The staffing crisis in Maryland prisons has reached a breaking point with “alarming levels of mandatory overtime, burnout and dangerous working conditions that threaten public safety,” according to a new report by the AFSCME Maryland Council 3.
The report is the first study on Maryland Department of Public Safety and Correctional Services staffing shortages that had the full collaboration of the union representing correctional officers. It concluded that the agency would need to hire 3,417 officers to reach what the union considers safe staffing levels in Maryland’s 19 adult prisons.
While some efforts have been made on the recruitment side recently, union leadership warned that retention was equally important and would become more of a challenge. AFSCME Maryland’s President Patrick Moran predicted that there would be a “deluge of officers leaving” over the next year.
“That’s a result of opportunities elsewhere, and that’s a result of people just being worn out, constantly having to work 16-hour shifts, constantly being subjected to violence, constantly not being able to spend time with their families and their communities,” Moran said.
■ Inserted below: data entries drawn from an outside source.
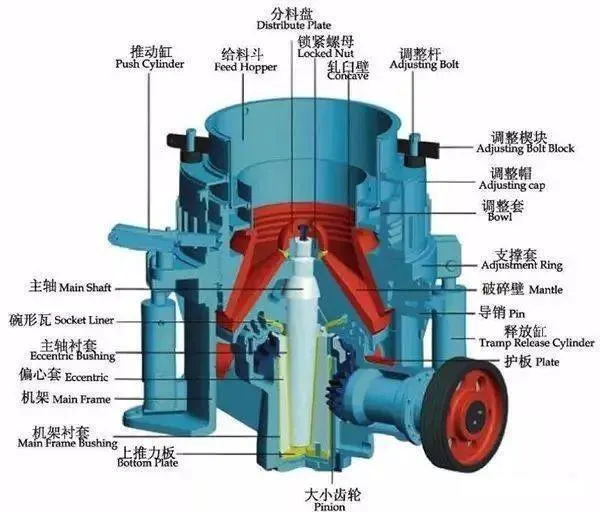 200-300tph Multi Cylinder Hydraulic Cone Crusher Basalt Stone Crusher Cone Crusher Machine Rock Crusher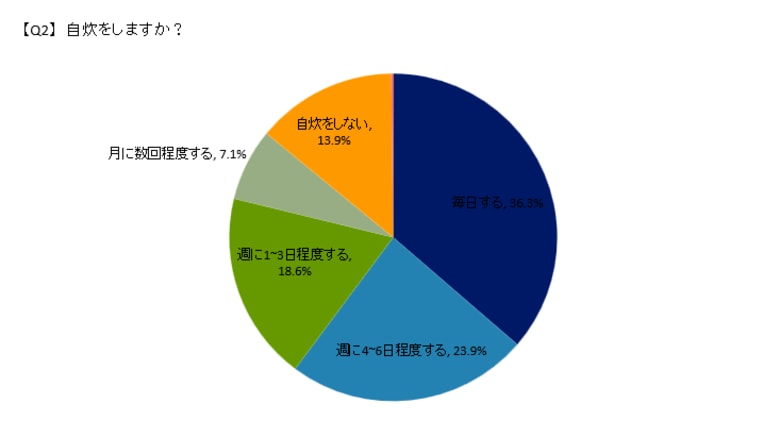 【一人暮らしの食事に関する調査】自炊をする割合から普段の食事の準備方法などのアンケート調査結果!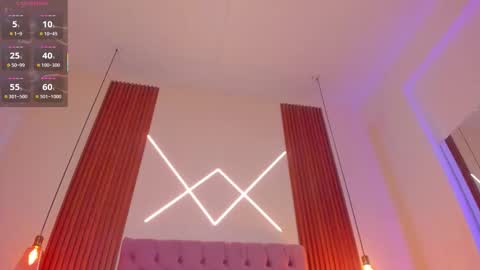 sophia_turneer online show from February 6, 9:18 pm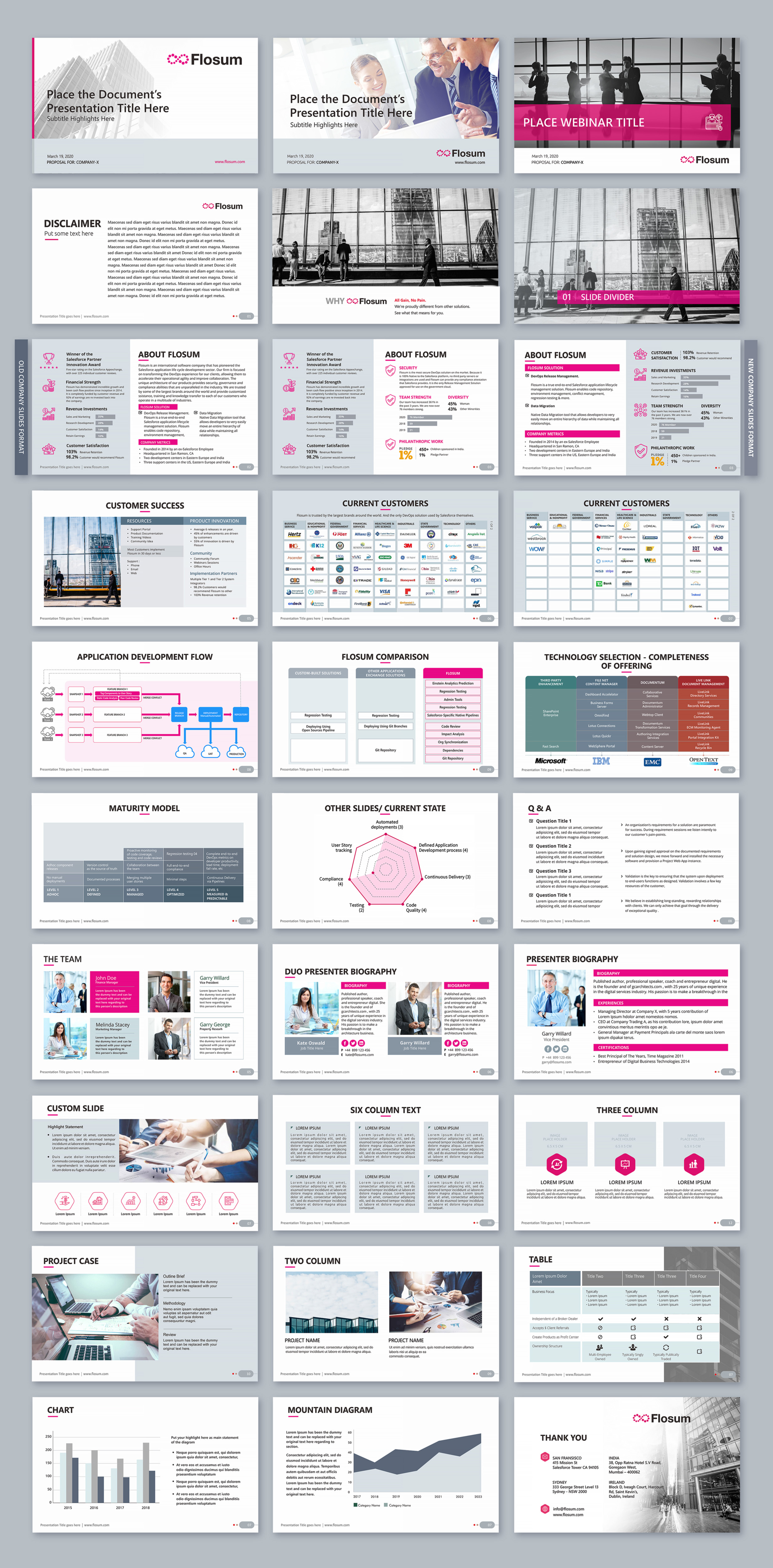 PowerPoint Design by kepitink for this project | Design #24088416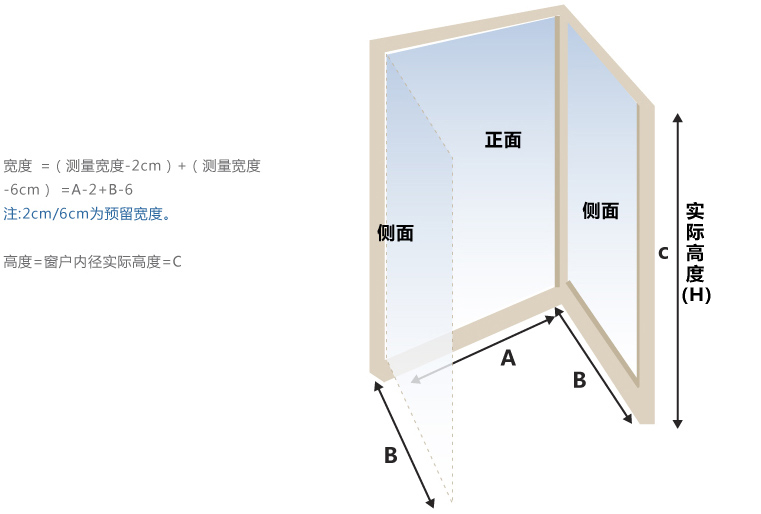 二,罗马帘的测量(提示:内开门窗不可使用罗马帘) 上一步 下一步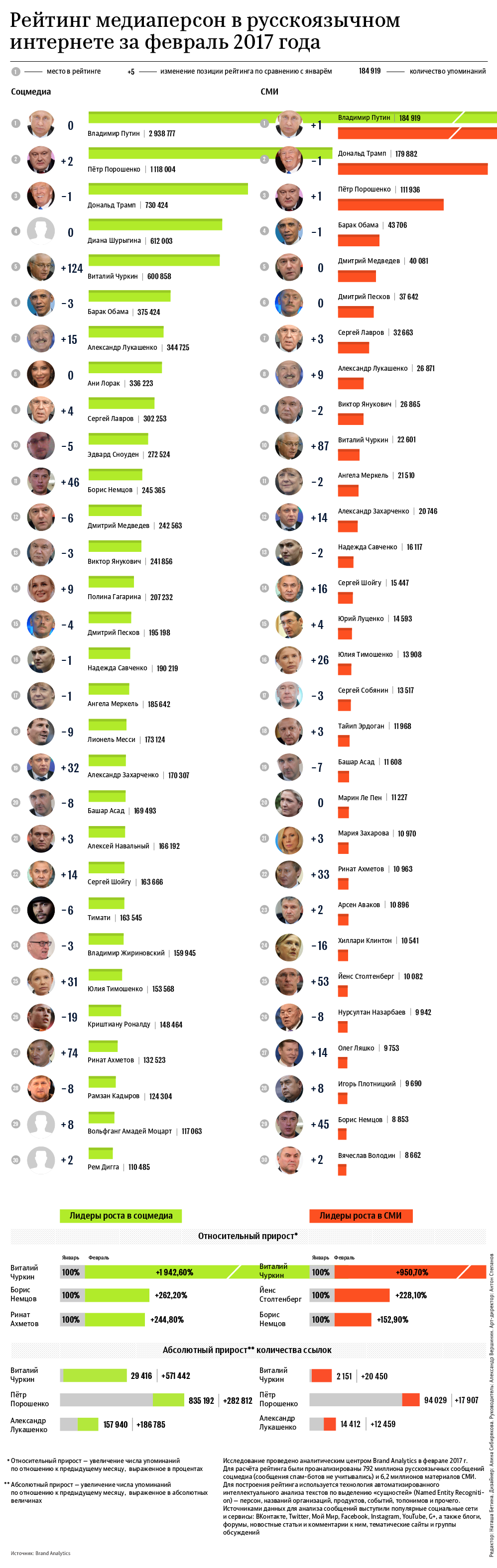 Рейтинг медиаперсон в русскоязычном интернете за февраль 2017 года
The report involved more than just number-crunching, with the union deploying seasoned correctional officers to every prison in the state to assess how staffing shortages were affecting the facilities.
They found that staffing shortages were “extreme” and created a “dangerous cycle where there is no standard officer-to-incarcerated-person ratio in place.” As a result, there have been more violent assaults, including prisoners attacking each other, prisoners attacking officers and officers attacking prisoners, the union said.
Moran said that violence at “almost every institution” is “significantly high, and that is a direct result of the staffing shortages we are outlining here today.”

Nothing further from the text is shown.